Division of Epidemiology and Community Health, School of Public Health, University of Minnesota, Minneapolis, 55454, USA.
Am J Phys Anthropol. 2013 Jan;150(1):58-67. doi: 10.1002/ajpa.22128.
This article demonstrates the use of mixed effects models for characterizing individual and sample average growth curves based on serial anthropometric data. These models are advancement over conventional general linear regression because they effectively handle the hierarchical nature of serial growth data. Using body weight data on 70 infants in the Born in Bradford study, we demonstrate how a mixed effects model provides a better fit than a conventional regression model. Further, we demonstrate how mixed effects models can be used to explore the influence of environmental factors on the sample average growth curve. Analyzing data from 183 infant boys (aged 3-15 months) from rural South India, we show how maternal education shapes infant growth patterns as early as within the first 6 months of life. The presented analyses highlight the utility of mixed effects models for analyzing serial growth data because they allow researchers to simultaneously predict individual curves, estimate sample average curves, and investigate the effects of environmental exposure variables.

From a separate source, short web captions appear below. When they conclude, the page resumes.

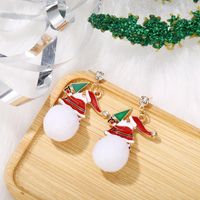 Creative Snowball Drop Oil Alloy Christmas Snowman Earrings Nhpj156811 main image 6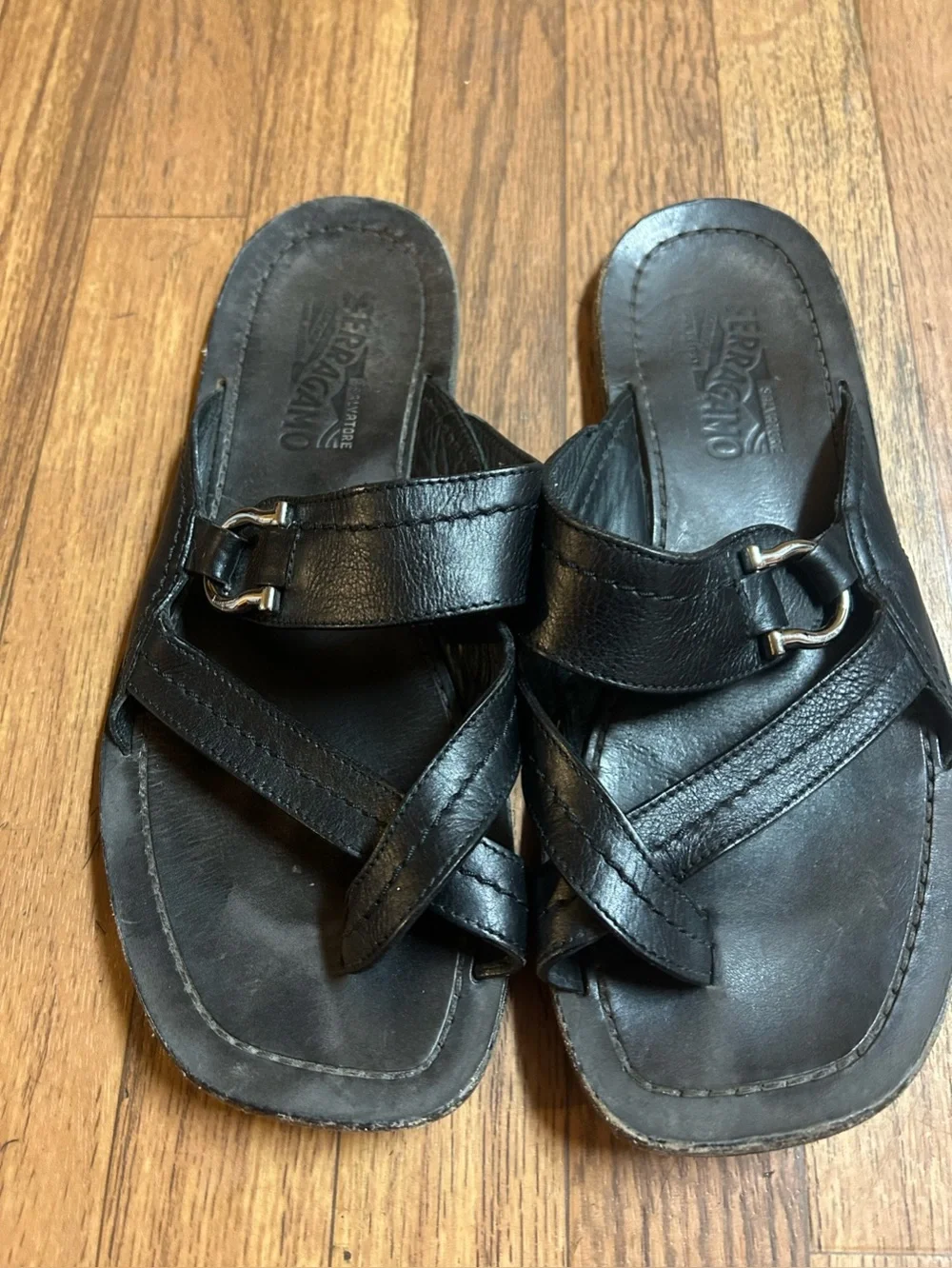 Ferragamo Black Leather Buckle Slide Sandals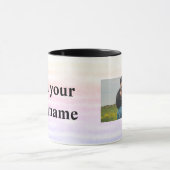 eenvoudig minimaal jouw naam foto waterverf coff mok (Midden)
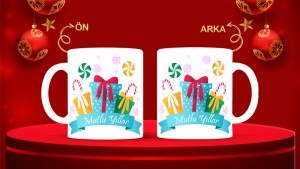 Kişiye Özel  Yılbaşı tasarımlı seramik kupa bardak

本文展示了如何使用混合效应模型来描述基于序列人体测量数据的个体和样本平均生长曲线。这些模型是对传统的一般线性回归的改进,因为它们有效地处理了序列生长数据的层次性质。我们使用布拉德福德出生研究中 70 名婴儿的体重数据,展示了混合效应模型如何比传统回归模型提供更好的拟合。此外,我们还展示了如何使用混合效应模型来探索环境因素对样本平均生长曲线的影响。我们分析了来自印度南部农村的 183 名男婴(3-15 个月龄)的数据,结果表明,母亲的教育水平早在婴儿生命的头 6 个月内就影响了婴儿的生长模式。所呈现的分析强调了混合效应模型在分析序列生长数据方面的实用性,因为它们允许研究人员同时预测个体曲线、估计样本平均曲线,并研究环境暴露变量的影响。